▶ **Task prompt**:
Make an exact copy of the records, and keep the pictures out of it.

▶ **Collection entries**:
"""

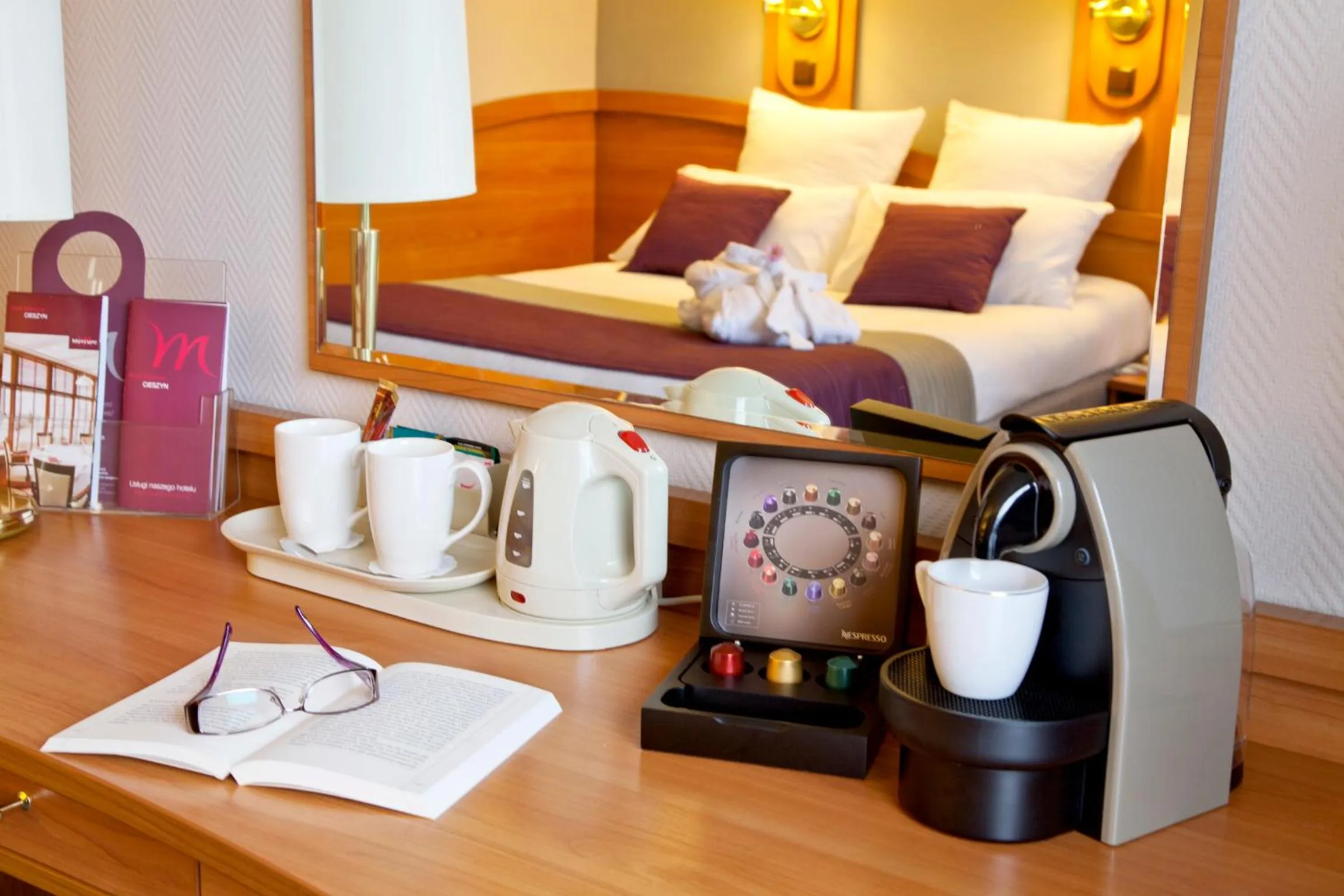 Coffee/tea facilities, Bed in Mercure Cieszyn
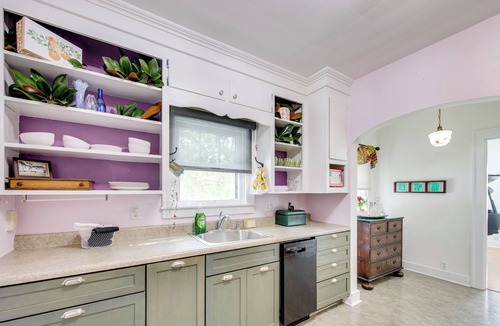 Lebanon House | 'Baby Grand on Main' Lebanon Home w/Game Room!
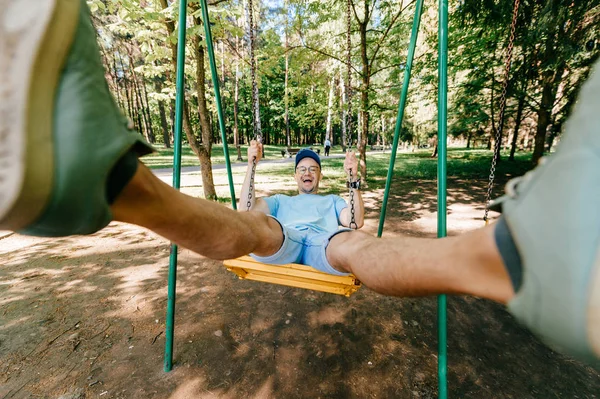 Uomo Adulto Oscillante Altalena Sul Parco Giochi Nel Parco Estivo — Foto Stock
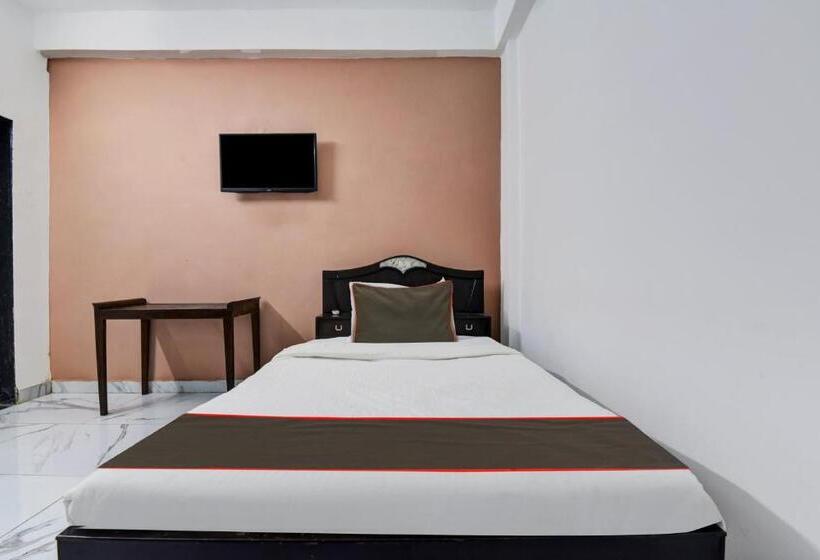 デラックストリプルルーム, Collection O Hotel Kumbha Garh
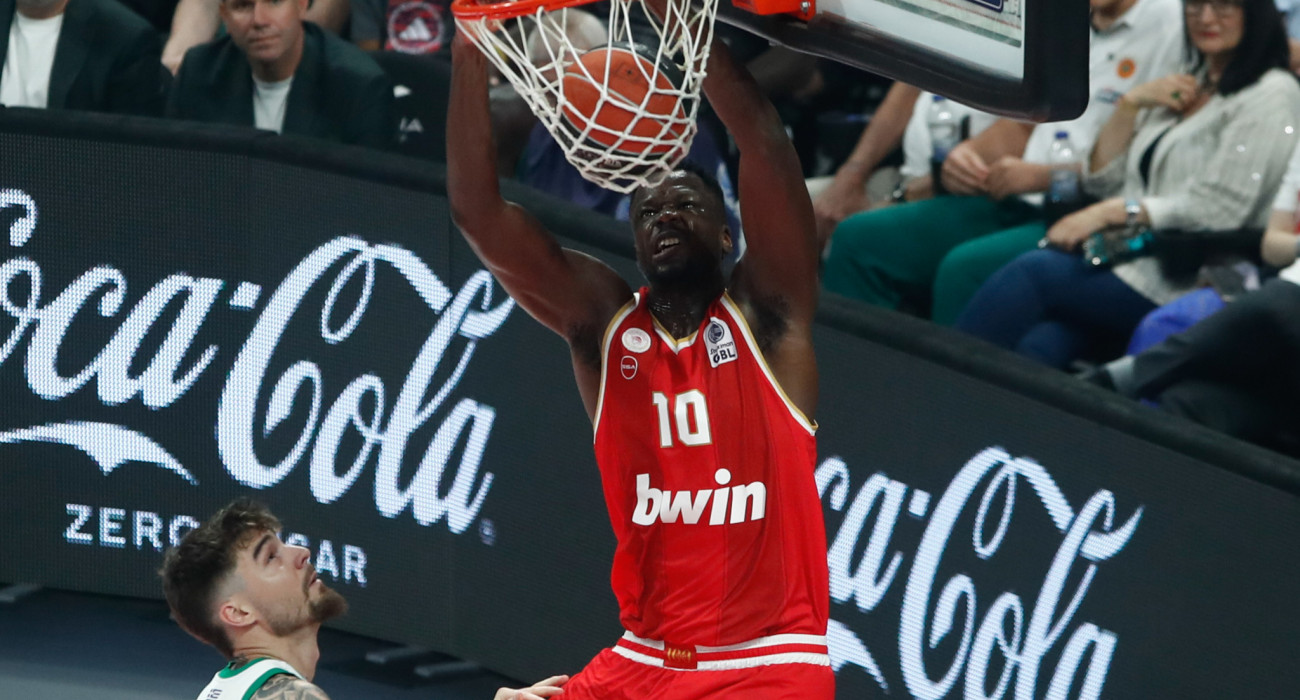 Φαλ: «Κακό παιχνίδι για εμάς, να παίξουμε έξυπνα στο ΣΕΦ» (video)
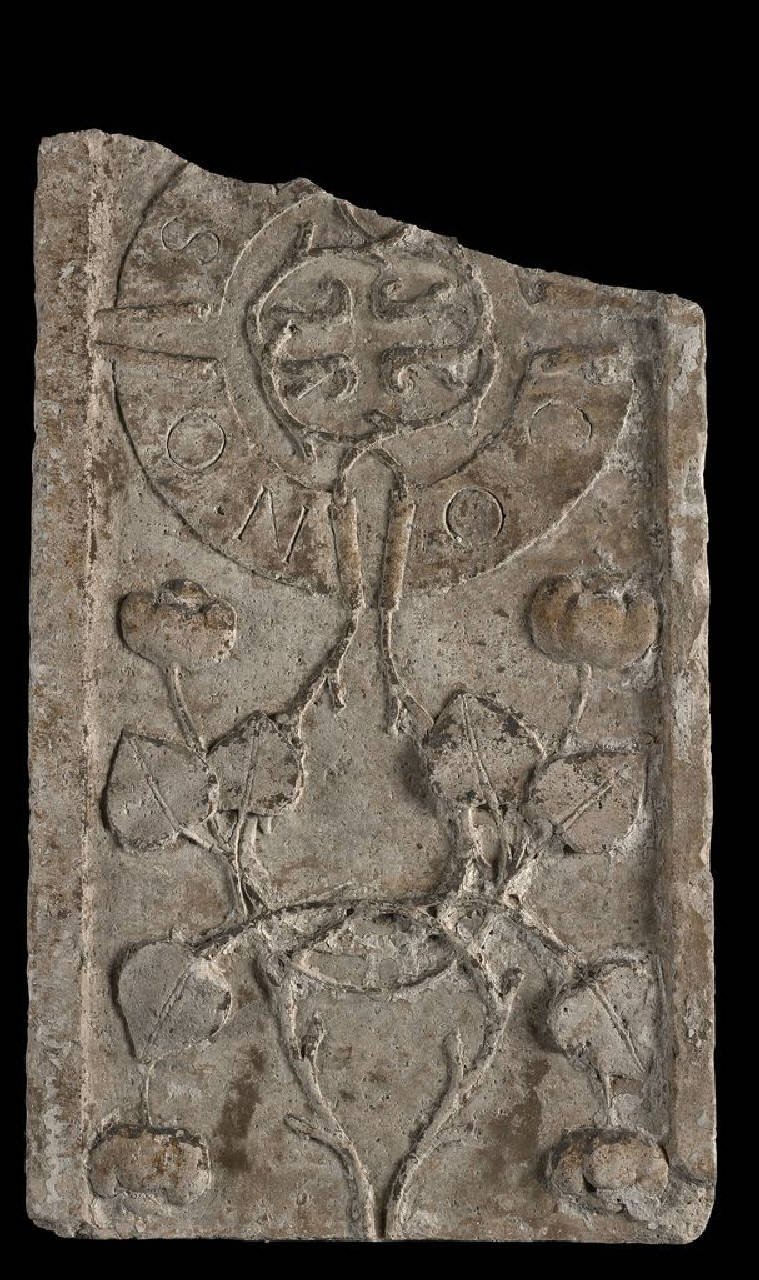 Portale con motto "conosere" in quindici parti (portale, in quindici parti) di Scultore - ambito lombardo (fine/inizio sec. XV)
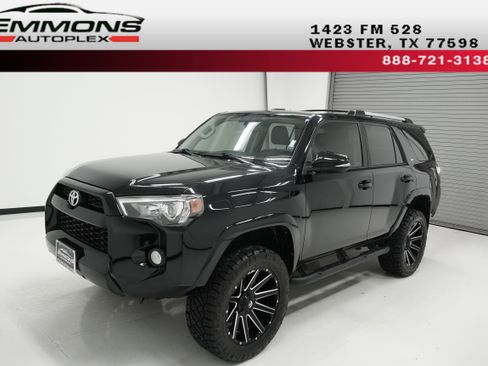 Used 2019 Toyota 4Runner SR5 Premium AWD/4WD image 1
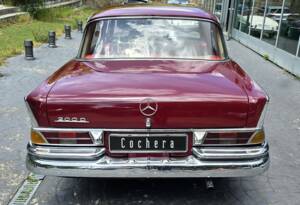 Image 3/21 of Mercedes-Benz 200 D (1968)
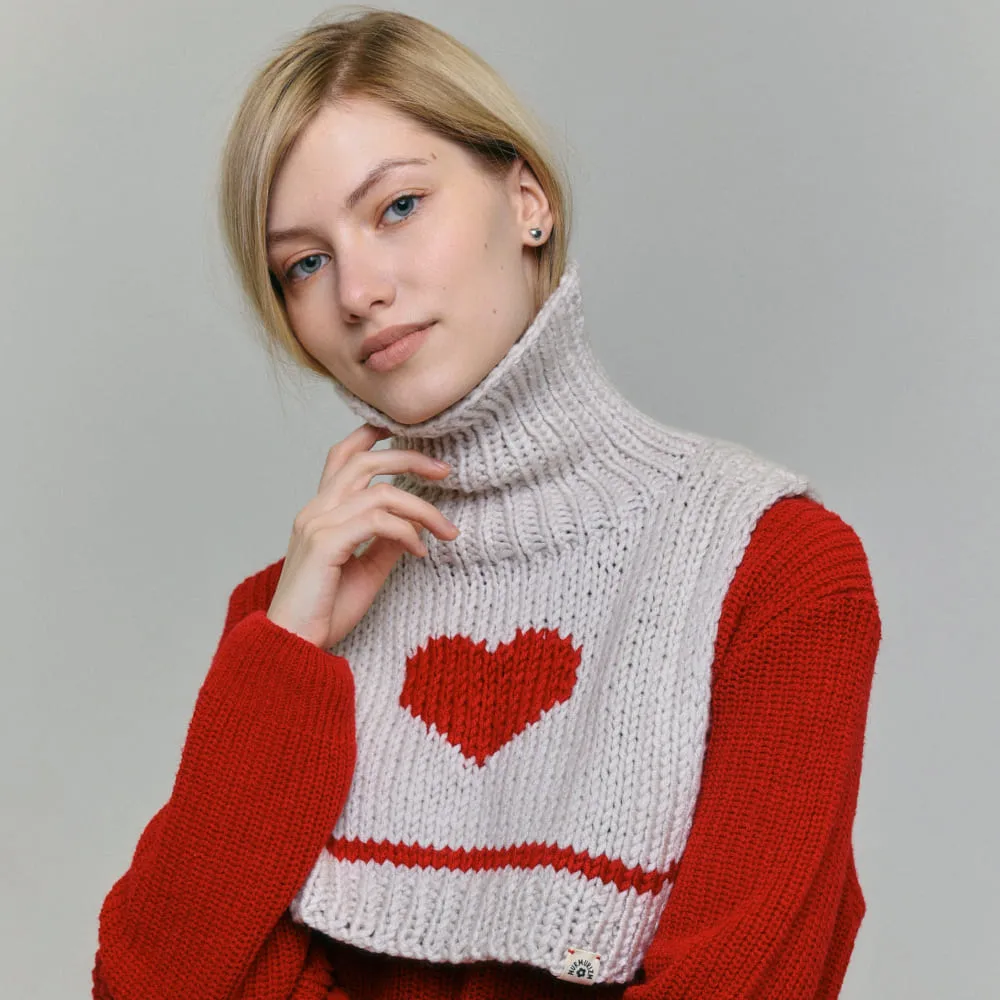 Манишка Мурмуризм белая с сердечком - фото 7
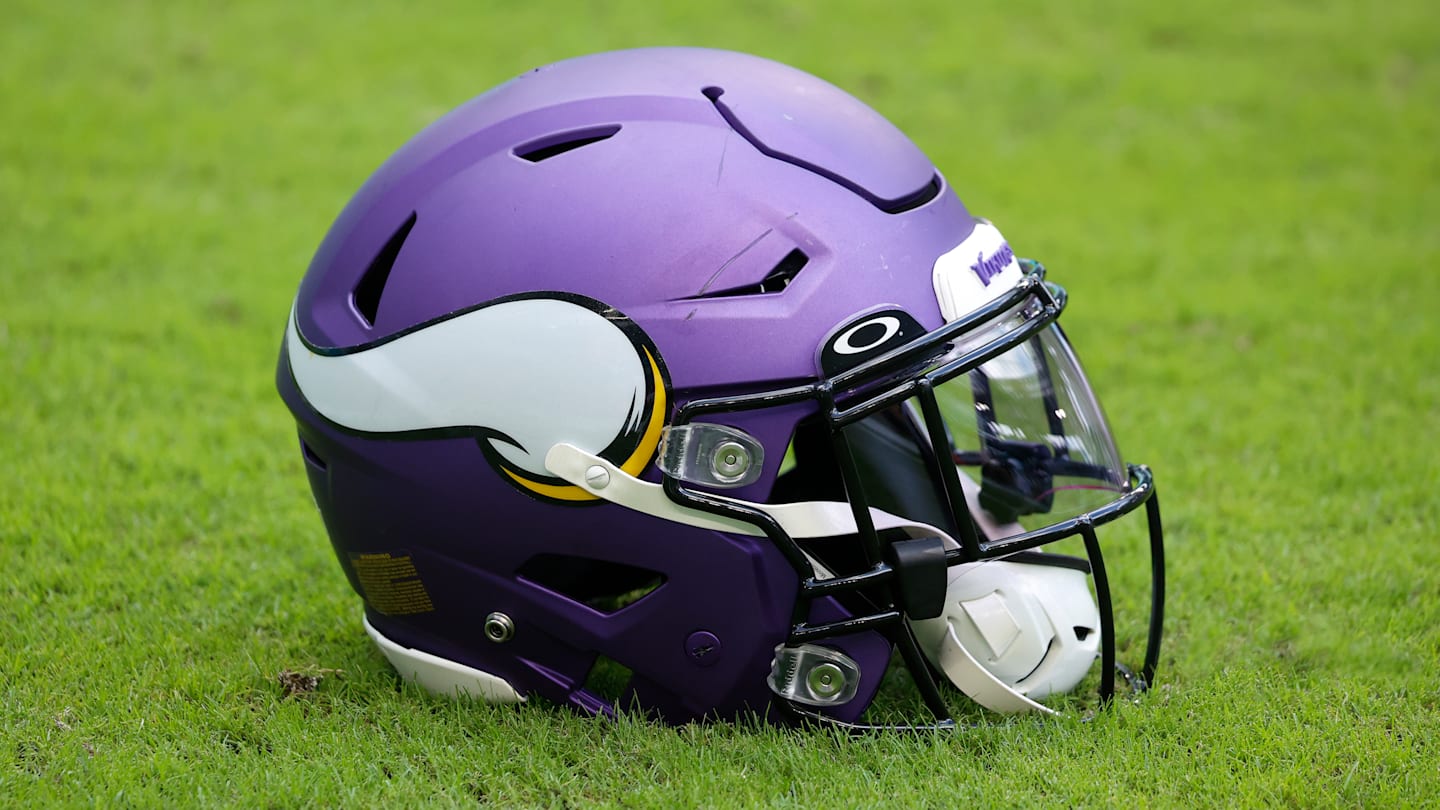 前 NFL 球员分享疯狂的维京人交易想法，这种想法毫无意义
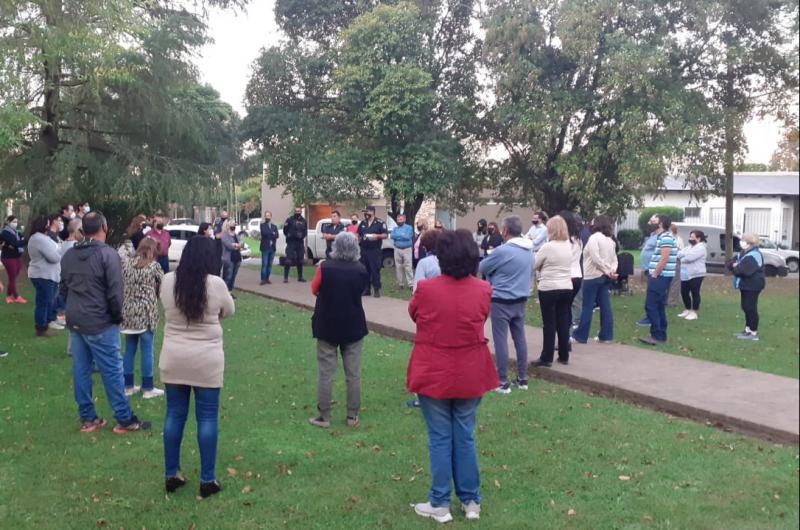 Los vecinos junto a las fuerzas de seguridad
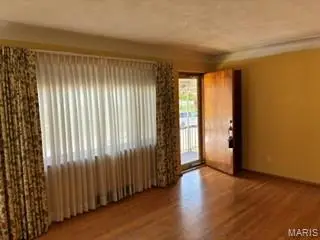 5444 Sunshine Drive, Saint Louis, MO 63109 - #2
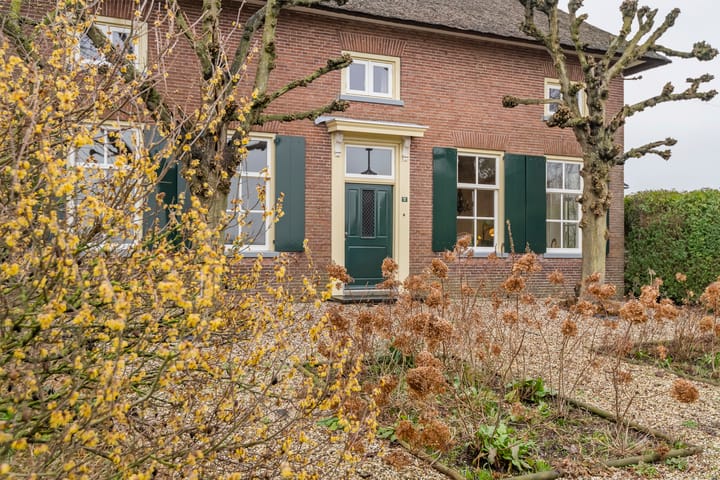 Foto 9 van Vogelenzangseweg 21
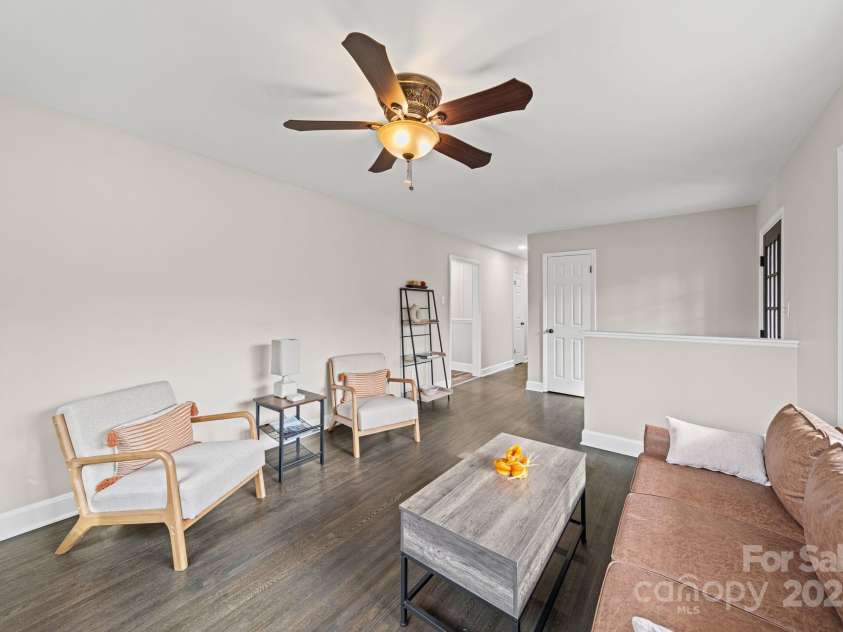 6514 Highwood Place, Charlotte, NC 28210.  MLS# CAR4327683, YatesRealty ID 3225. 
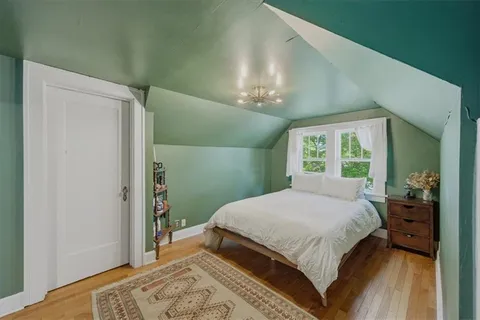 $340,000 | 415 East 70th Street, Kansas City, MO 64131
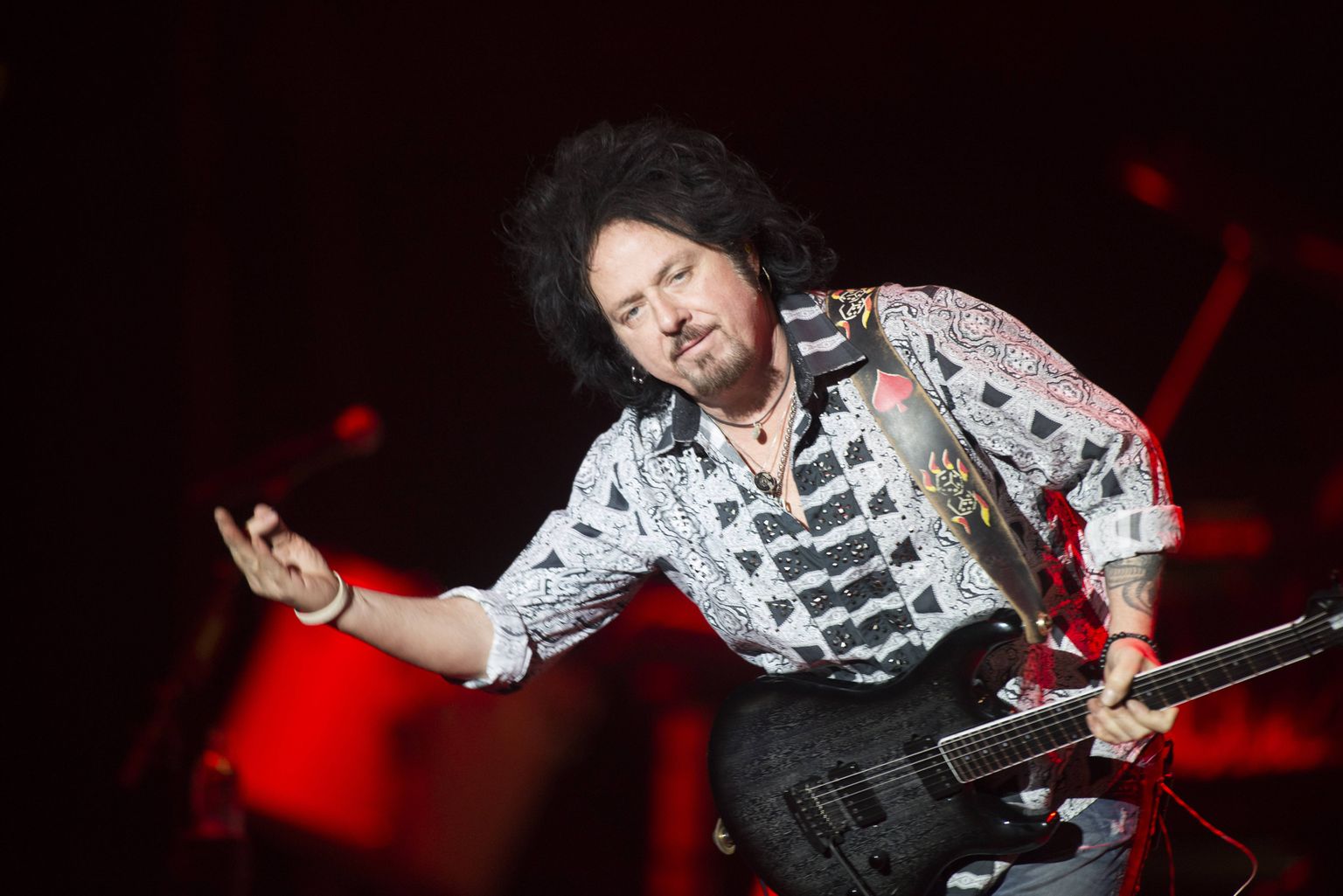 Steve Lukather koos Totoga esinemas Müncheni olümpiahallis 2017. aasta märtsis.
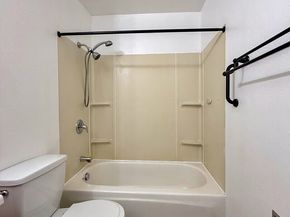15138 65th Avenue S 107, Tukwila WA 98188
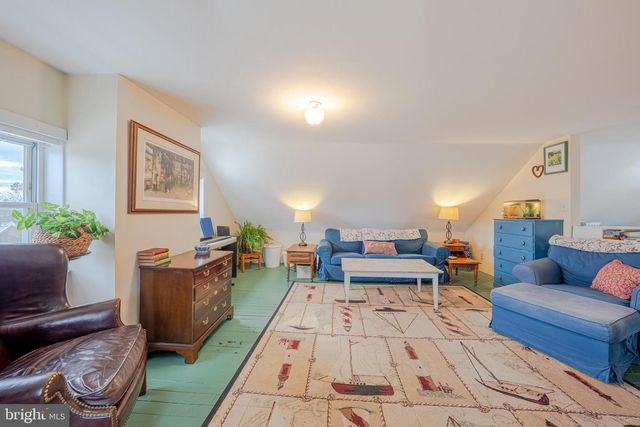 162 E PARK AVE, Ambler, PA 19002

"""

▶ **Task solution**:
 Coffee/tea facilities, Bed in Mercure Cieszyn
 Lebanon House | 'Baby Grand on Main' Lebanon Home w/Game Room!
 Uomo Adulto Oscillante Altalena Sul Parco Giochi Nel Parco Estivo — Foto Stock
 デラックストリプルルーム, Collection O Hotel Kumbha Garh
 Φαλ: «Κακό παιχνίδι για εμάς, να παίξουμε έξυπνα στο ΣΕΦ» (video)
 Portale con motto "conosere" in quindici parti (portale, in quindici parti) di Scultore - ambito lombardo (fine/inizio sec. XV)
 Used 2019 Toyota 4Runner SR5 Premium AWD/4WD image 1
 Image 3/21 of Mercedes-Benz 200 D (1968)
 Манишка Мурмуризм белая с сердечком - фото 7
 前 NFL 球员分享疯狂的维京人交易想法，这种想法毫无意义
 Los vecinos junto a las fuerzas de seguridad
 5444 Sunshine Drive, Saint Louis, MO 63109 - #2
 Foto 9 van Vogelenzangseweg 21
 6514 Highwood Place, Charlotte, NC 28210.  MLS# CAR4327683, YatesRealty ID 3225. 
 $340,000 | 415 East 70th Street, Kansas City, MO 64131
 Steve Lukather koos Totoga esinemas Müncheni olümpiahallis 2017. aasta märtsis.
15138 65th Avenue S 107, Tukwila WA 98188
 162 E PARK AVE, Ambler, PA 19002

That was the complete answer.